The resulting request will give us the status, the date, and information about the content. We can use the content function to extract the data- in this case a nested list:

names(content(req))
## [1] "total_count"        "incomplete_results" "items"

Not all APIs are open like this Github API. You may have to create a developer account and authenticate before accessing the data. You can usually figure this out by following the developer docs on each individual site.

Some things to keep in mind when you are downloading data from APIs are the following:

  1. Pay attention to the terms of service and developer docs
  2. Respect rate limits so you won’t be blocked
  3. Think carefully about what data you pull and share, it is very easy to collect data people wouldn’t want shared
  4. Remember the data are constantly updating since they are from the web, so you might want to save versions of the data
  5. Remember that the data are only the version that the company/government/entity wants to expose, so may have errors or issues due to translation.

7.10 Webscraping

Do we want to purchase a book on Amazon?

Next we are going to learn about what to do if your data is on a website (XML or HTML) formatted to be read by humans instead of R.

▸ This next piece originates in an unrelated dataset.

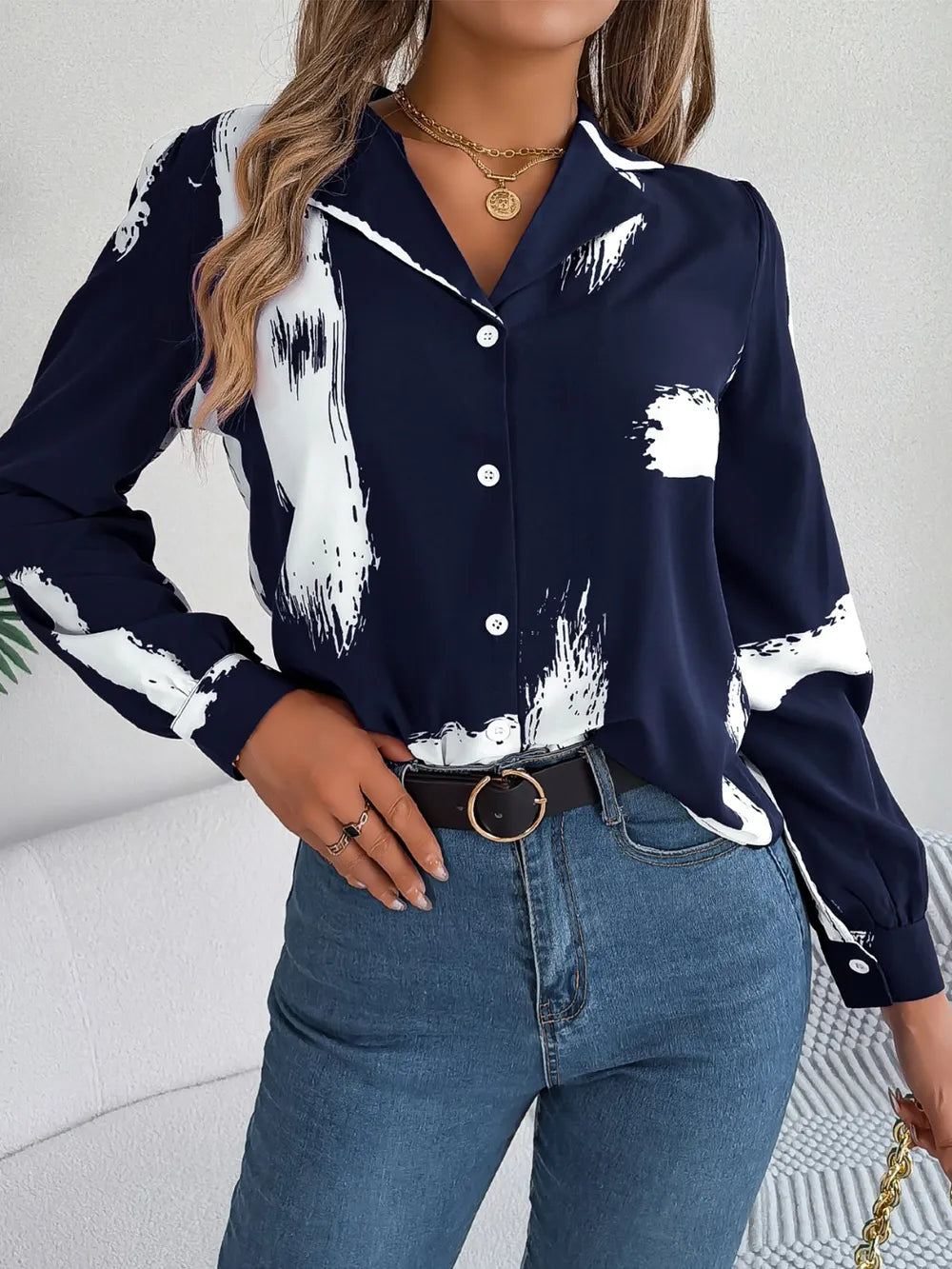 Printed Collared Neck Button Up Shirt - E-Esther Clothing Store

We will use the (really powerful) rvest R package to do what is often called “scraping data from the web”.

Before we do that, we need to set up a few things:

We’re going to be scraping this page: it just contains the (first page of) reviews of the ggplot2 book by Hadley Wickham.

url <- "http://www.amazon.com/ggplot2-Elegant-Graphics-Data-Analysis/product-reviews/0387981403/ref=cm_cr_dp_qt_see_all_top?ie=UTF8&showViewpoints=1&sortBy=helpful"

We use the rvest package to download this page.

library(rvest)
## Loading required package: xml2
h <- read_html(url)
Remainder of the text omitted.